WORK ITEM ▸ Reproduce the line with "Deluxe Studio Suite, 1" and everything after it in the listing below, exactly, both ends included. No pictures.

-- COLLECTED DATA follows --

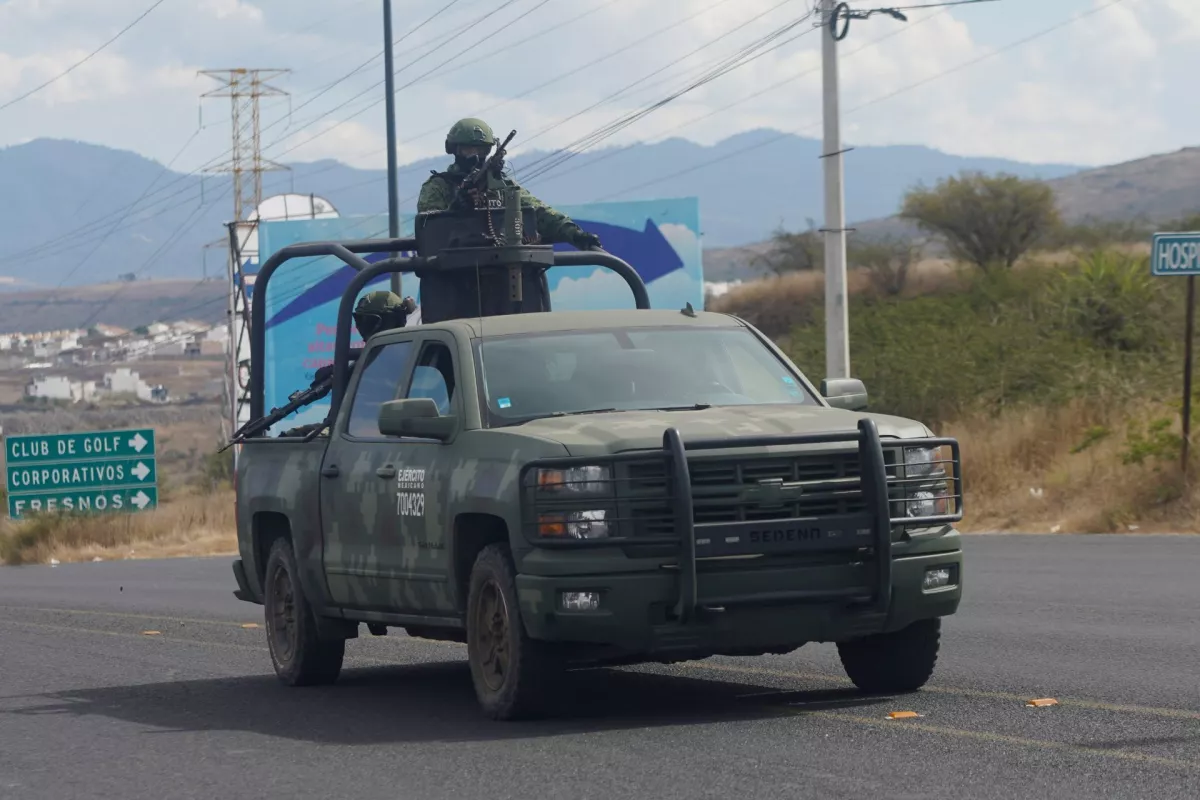 Con el fin de garantizar la paz en Michoacán arribaron más de 1800 elementos del Ejército Mexicano que se sumarán a las tareas de vigilancia en zonas violentas como Zamora.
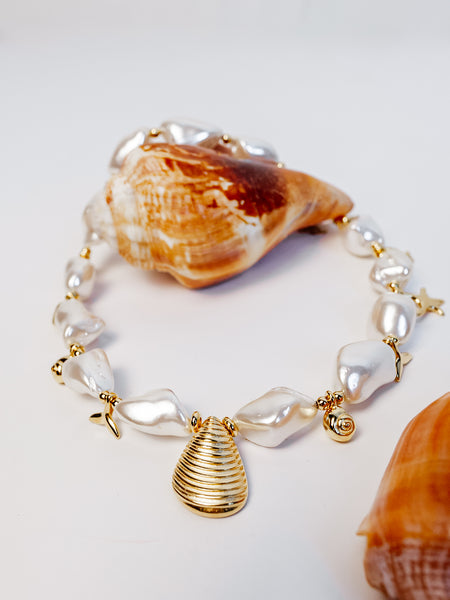 Shell Pearl Scallop Necklace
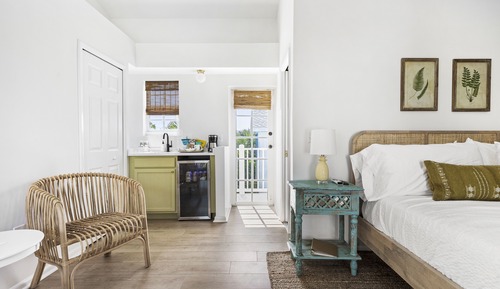Deluxe Studio Suite, 1 King Bed, Balcony, Partial Ocean View (Non-Pet Room)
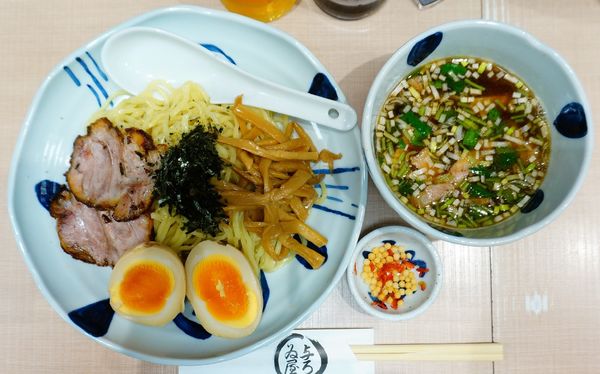 「特製ざるらーめん＋ビール」@与ろゐ屋の写真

-- COLLECTED DATA concluded --

EXERCISE RESPONSE ▸
Deluxe Studio Suite, 1 King Bed, Balcony, Partial Ocean View (Non-Pet Room)
 「特製ざるらーめん＋ビール」@与ろゐ屋の写真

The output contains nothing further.